Subject:Re: Quoting copyrighted material in a tech manual? From:Robert Lauriston <robert -at- lauriston -dot- com> To:Jim Witkin <jameswitkin -at- gmail -dot- com>, techwr-l <techwr-l -at- lists -dot- techwr-l -dot- com> Date:Tue, 17 Jun 2014 08:57:09 -0700
The rules on fair use are dangerously fuzzy, so I'd ask permission
before using excerpts. Look at the copyright page, contact the
copyright holder. Generally that will be the author(s) rather than the
publisher.
At my last job, for certain things I cited an O'Reilly book on the
open-source version of the product I was documenting.

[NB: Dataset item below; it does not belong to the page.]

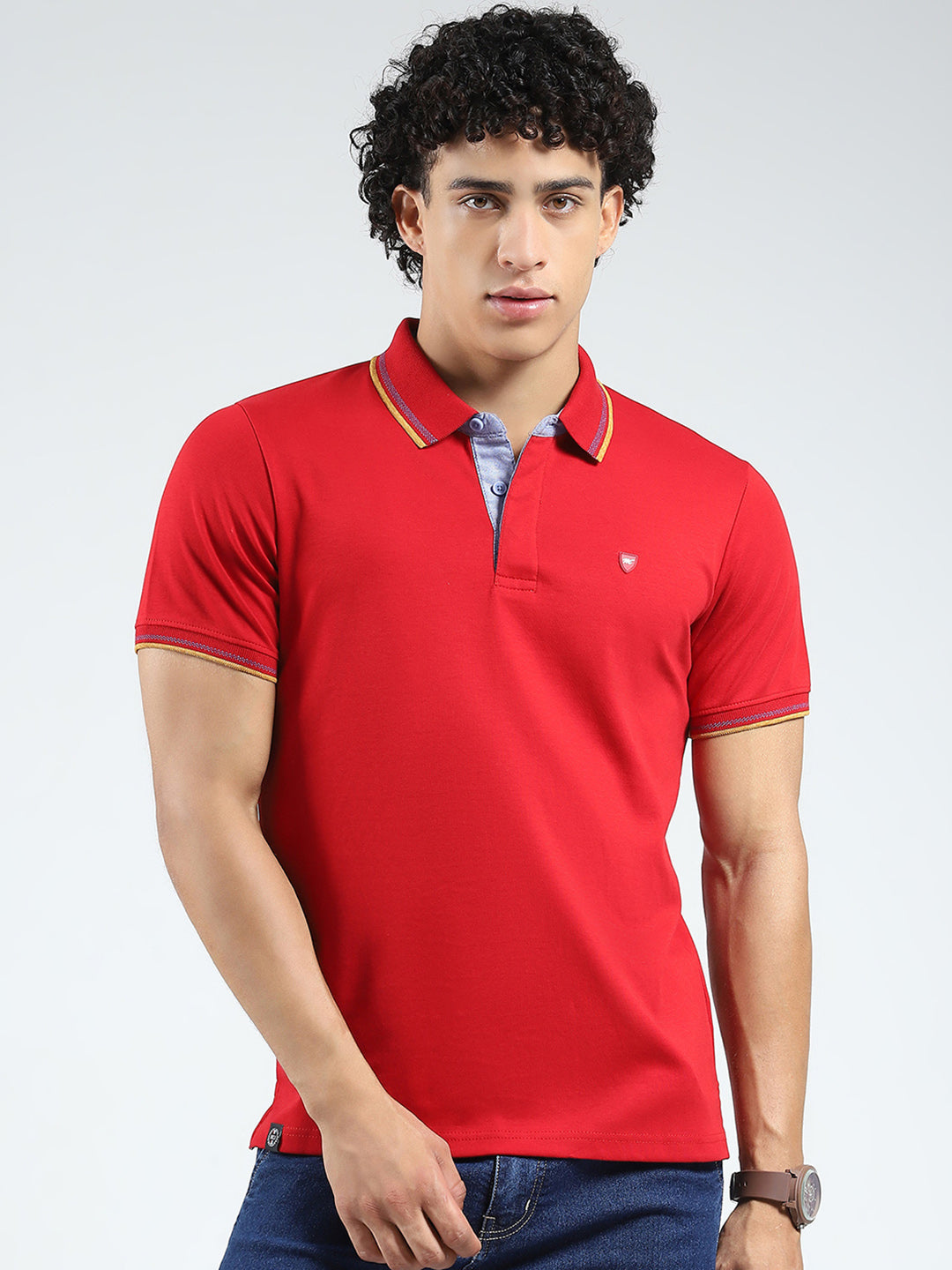Men Red Solid Collar Half Sleeve T-Shirt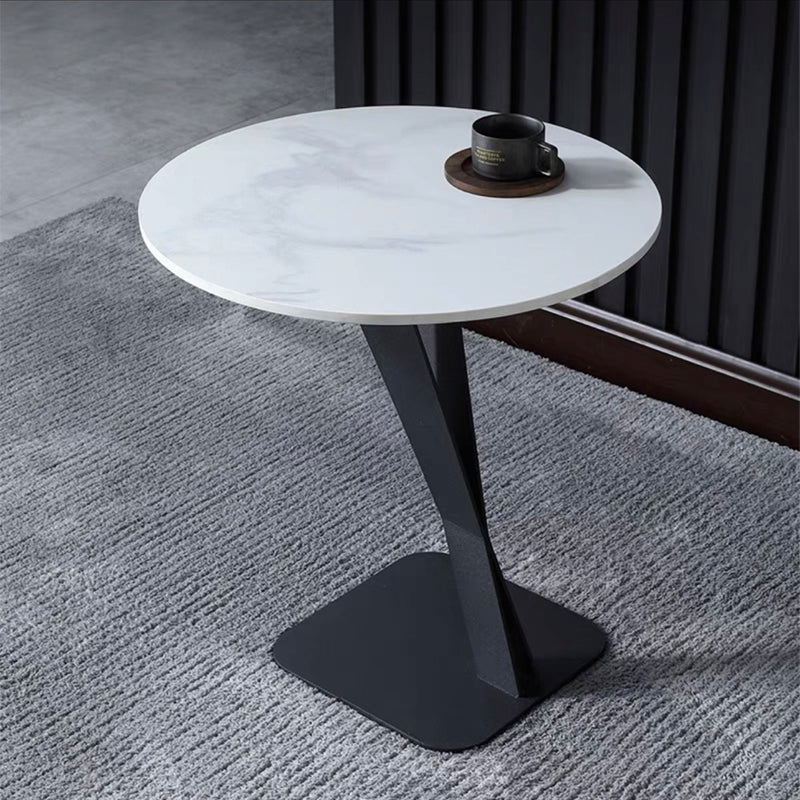 Pedestal Base Design Rock Plate Top White/black/white Gold/black Gold Round Side Table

No excerpts, no
permission needed. Basically the message was "for more information,
buy this book."
On Tue, Jun 17, 2014 at 7:06 AM, Jim Witkin <jameswitkin -at- gmail -dot- com> wrote:
> I'm writing a manual that provides a fair amount of context material. For
> some of this material, I'm hoping to use excerpts from a published
> scientific book (quite well known in the field) which I assume is
> copyrighted material. If I provide a footnote and full attribution to the
> book and publisher, does that cover me legally? Or will I need to approval
> from the publisher to quote the book?